When, exactly, does all this action take place? Or are we dealing in a bit of John Hinde-ism here - a time and place that never really existed?
Yep. We liked the idea of not being too specific about the period of the film. You know it's probably set in the present, but there are no mobile phones, computers, etc. We wanted the location to be like those small villages you used to find in the 1980s, that were still caught in the 1950s. That's gone in Ireland now, and you just can't escape the 21st century no matter where you go. There's a McDonald's, or a Supermac's, everywhere you go. Except Ballymoran!
Simon Delaney is perfect in the title role - always your leading man?
Always! There isn't another Irish actor who looks as funny in a tight, red PVC catsuit that I know of.
The look Simon was going for - Ralf Hutter meets Vegas Elvis, after a bad Tour de France spill? Mr. Incredible at his lowest domestic ebb?
Yeah. We used to go to the wardrobe department every morning just to witness Simon being squeezed into that costume, which involved three costume people and a can of talcum powder. Elizabethan women suffered less! It's fun humiliating your friends.
Cillian Murphy was in the 2003 short - ever a possibility for the feature?
Yeah, we asked him, but he was too busy! He was great in the short, but Rory Keenan ended up playing a blinder in the role.
From the start, you just know this is all going to end in tears, and pitchforks. Given how breezy the movie is, a joy to write, or lots of sleepless nights?
A joy. Some people say comedy is a serious business, but we found it the exact opposite. Lots of fun on set and sad to say goodbye to the cast at the end of it.

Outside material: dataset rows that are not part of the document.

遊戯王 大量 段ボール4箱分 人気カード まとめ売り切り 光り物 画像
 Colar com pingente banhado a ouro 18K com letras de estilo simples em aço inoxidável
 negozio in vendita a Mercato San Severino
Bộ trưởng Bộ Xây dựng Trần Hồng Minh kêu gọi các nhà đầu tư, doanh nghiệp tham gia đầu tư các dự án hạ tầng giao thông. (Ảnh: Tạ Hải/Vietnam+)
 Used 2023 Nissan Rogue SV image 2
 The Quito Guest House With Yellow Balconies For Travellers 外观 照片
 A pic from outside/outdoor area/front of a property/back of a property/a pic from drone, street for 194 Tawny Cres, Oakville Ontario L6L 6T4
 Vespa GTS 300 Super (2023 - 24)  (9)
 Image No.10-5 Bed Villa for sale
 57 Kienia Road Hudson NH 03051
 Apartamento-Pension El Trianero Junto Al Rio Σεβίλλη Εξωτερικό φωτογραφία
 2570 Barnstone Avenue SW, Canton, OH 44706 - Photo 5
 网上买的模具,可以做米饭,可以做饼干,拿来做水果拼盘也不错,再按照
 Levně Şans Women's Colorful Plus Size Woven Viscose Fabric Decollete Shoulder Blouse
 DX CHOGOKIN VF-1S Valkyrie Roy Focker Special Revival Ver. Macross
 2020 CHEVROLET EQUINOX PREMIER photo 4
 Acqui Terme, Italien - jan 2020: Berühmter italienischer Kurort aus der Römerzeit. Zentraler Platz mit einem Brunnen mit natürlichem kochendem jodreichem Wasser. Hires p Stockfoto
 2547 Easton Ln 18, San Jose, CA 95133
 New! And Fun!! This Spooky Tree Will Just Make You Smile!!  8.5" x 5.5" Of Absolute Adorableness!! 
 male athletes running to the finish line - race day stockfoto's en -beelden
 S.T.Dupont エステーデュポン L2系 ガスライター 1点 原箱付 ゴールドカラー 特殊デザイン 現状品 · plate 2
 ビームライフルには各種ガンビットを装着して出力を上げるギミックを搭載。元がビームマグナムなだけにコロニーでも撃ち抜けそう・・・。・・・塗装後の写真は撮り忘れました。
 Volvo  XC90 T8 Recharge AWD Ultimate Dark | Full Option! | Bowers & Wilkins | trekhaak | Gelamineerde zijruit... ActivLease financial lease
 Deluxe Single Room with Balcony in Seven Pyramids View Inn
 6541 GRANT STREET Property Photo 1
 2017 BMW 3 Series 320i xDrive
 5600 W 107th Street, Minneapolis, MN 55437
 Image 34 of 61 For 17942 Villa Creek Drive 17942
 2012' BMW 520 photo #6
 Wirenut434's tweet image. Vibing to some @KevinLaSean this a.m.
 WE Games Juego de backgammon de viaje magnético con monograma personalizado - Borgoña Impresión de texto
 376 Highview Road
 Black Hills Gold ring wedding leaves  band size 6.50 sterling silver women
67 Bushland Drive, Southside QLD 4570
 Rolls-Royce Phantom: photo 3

Premiered in Galway in July 2009 - how's the release pattern going? UK and America biting?
We're just focusing on Ireland for now, and hoping to get it right. I think the film has a life stateside, but will need the right people to pick it up, as it's a very specific target audience, and we won't play as well to others. We have a good sales rep, and a great Variety review, so, fingers crossed some nutcase picks it up.
Talking of America, how is the Hollywood experience working out for you? Got a room at Spielberg's place yet?
Spielberg's been ringing and ringing. He's becoming a bit of a pain actually. I'm going to have to change my number. But seriously, you never know, Zonad may speak to his inner child.
Given just how loved Once proved to be, did you feel any great pressure when it came to your follow-up film?
Not at all. I think it's good to follow things with something completely different. I know I'll be slagged off by some people, but that's the risk you take. You gotta follow your instincts! Anyone who goes to see Zonad, given the poster of Simon in the red suit, and expects Glen and Marketa to sing a touching love song deserves everything they get.
Glen and Maketa fell in love during the making of Once - how was it for Simon Delaney and David Pearse on Zonad?
There was one scene in which they hug, but it was a far cry from Bogie and Bacall!